II: The Third Crusade: Richard the Lionhearted and Philip Augustus,   pp. 44-85 PDF (16.9 MB)


Page 79

Ch. II THE THIRD CRUSADE: RICHARD AND PHILIP 79 
about the enormous task of restoring its extensive fortifications. The host
was to remain at Ascalon until early June. For a considerable part of this
time it consisted only of Richard's own troops and those of count Henry.
Late in January or early in February duke Hugh and his French forces joined
the army at Ascalon. The duke, extremely short of funds, soon quarreled with
Richard, who declined to help him. Hugh retired to Acre before the end of
February, but a number of other French barons stayed at Ascalon until Easter.
Despite several invitations Conrad of Montferrat absolutely refused to bring
his forces to Ascalon. During the army's stay at Ascalon, military activities
were confined to a few raids against Saladin's line of communications to
Egypt. On one occasion Richard led a party to Darum, where he found a convoy
of Christian prisoners bound for Egypt. Most of the Turkish escort escaped
into the castle, but Richard rescued the captives. Other raids captured supplies
and prisoners in the same region.56 
 On April 15 an English cleric, Robert, prior of Hereford, arrived at Ascalon
with letters for King Richard from his trusted servant William Longchamp,
bishop of Ely.

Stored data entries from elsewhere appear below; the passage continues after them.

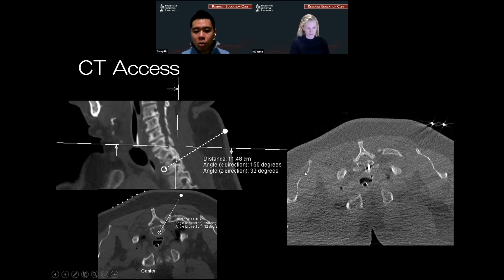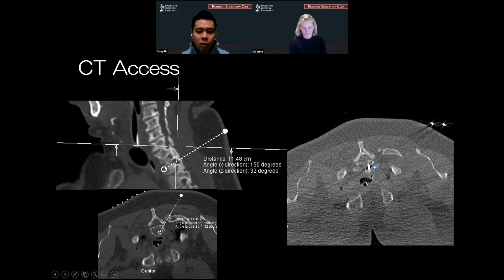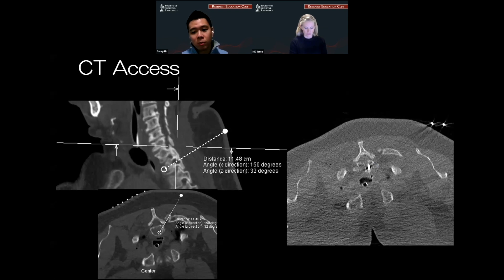Most of these access needles are about 10 to 12 centimeters. As you're going at such a harsh angle, you're going to have to have a really good grasp and spatial understanding of where that needle is, because you're only going to be seeing a little bit at a time. You can see here I've already reached my target — the needle is in the vertebral body.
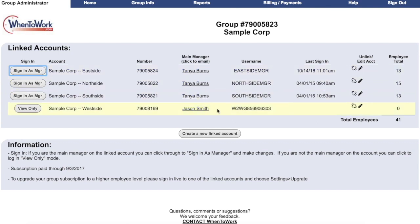If the group administrator is not the same person as the main manager on the account, instead of 'login as manager,' the button will read 'view only.' If the group administrator uses this button, they will be able to see the main manager login — reading all the messages, seeing any unpublished schedules and notes — but they will not be able to save any changes. Only when they log in as manager do they have an active manager login from the group administrator login.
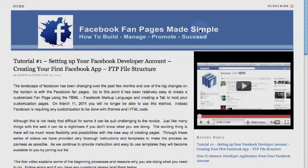Hey guys, Todd Wilson again, howtomakeafanpage.com. This tutorial I'm going to get into how to actually load the app up to your fan page and actually get it to start working for you. So let's get right into it.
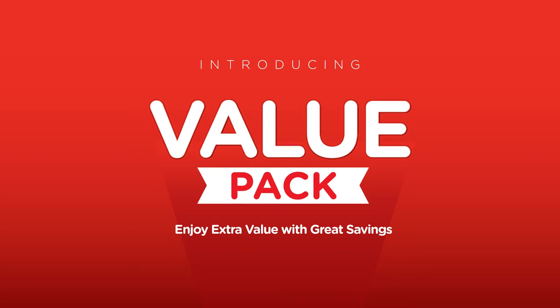Introducing the new Value Pack, the best way for you to enjoy more with greater savings. With Value Pack, you can now save more with this bundle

William had become involved in a violent quarrel with the
king's brother John and with his bastard half-brother Geoffrey, archbishop
of York. When Walter of Coutances, archbishop of Rouen, had left the crusading
host in Sicily to return to England, he had carried with him royal letters
authorizing him to take over the government of the realm if such a move seemed
necessary. In the hope of restoring peace in England, archbishop Walter had
exercised these powers, deposed William Longchamp from the justiciarship,
and assumed that office himself. While the account given in Longchamp's letters
may well have been a highly colored one, Richard cannot have been unduly
disturbed by the news. He had foreseen what had arisen; the man he had sent
to handle it was firmly in control. What probably worried the king more was
what the messenger told him of the activities of Philip Augustus. Philip
had appeared at the Norman frontier with his private version of the treaty
of Messina. When the seneschal of Normandy refused to honor it, the French
king had entered into negotiations with prince John. At any rate the prior
of Hereford's report convinced Richard that he should not long delay his
return to England. 
 King Richard fully realized that the first step required to pave the way
for his own departure was to establish an effective government in the kingdom
of Jerusalem. The compromise of the previous year had not worked. Conrad
of Montferrat had held aloof from the 
 56 Estoire, pp. 308-320; Itinerarium, pp. 314-320, 327.